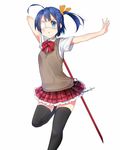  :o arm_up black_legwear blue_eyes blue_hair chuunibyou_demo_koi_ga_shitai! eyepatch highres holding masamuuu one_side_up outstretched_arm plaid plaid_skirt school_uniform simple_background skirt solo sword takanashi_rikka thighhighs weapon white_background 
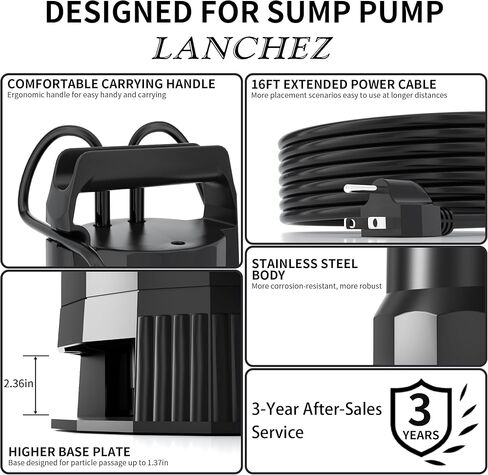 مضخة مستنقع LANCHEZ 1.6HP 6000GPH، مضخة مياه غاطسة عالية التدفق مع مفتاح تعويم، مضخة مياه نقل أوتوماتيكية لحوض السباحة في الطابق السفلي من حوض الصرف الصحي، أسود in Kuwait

——————————

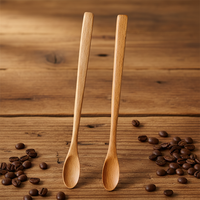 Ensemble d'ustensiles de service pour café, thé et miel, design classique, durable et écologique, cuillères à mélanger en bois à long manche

——————————

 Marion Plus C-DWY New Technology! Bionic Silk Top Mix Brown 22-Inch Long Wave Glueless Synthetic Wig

——————————

What you will do: In the listing above, find the line with "thighhighs weapon white_background" and output it and every line after it up to and including the line with "مضخة مستنقع LANCHEZ", exactly, minus the pictures.

Answer to the exercise:
  :o arm_up black_legwear blue_eyes blue_hair chuunibyou_demo_koi_ga_shitai! eyepatch highres holding masamuuu one_side_up outstretched_arm plaid plaid_skirt school_uniform simple_background skirt solo sword takanashi_rikka thighhighs weapon white_background 
 مضخة مستنقع LANCHEZ 1.6HP 6000GPH، مضخة مياه غاطسة عالية التدفق مع مفتاح تعويم، مضخة مياه نقل أوتوماتيكية لحوض السباحة في الطابق السفلي من حوض الصرف الصحي، أسود in Kuwait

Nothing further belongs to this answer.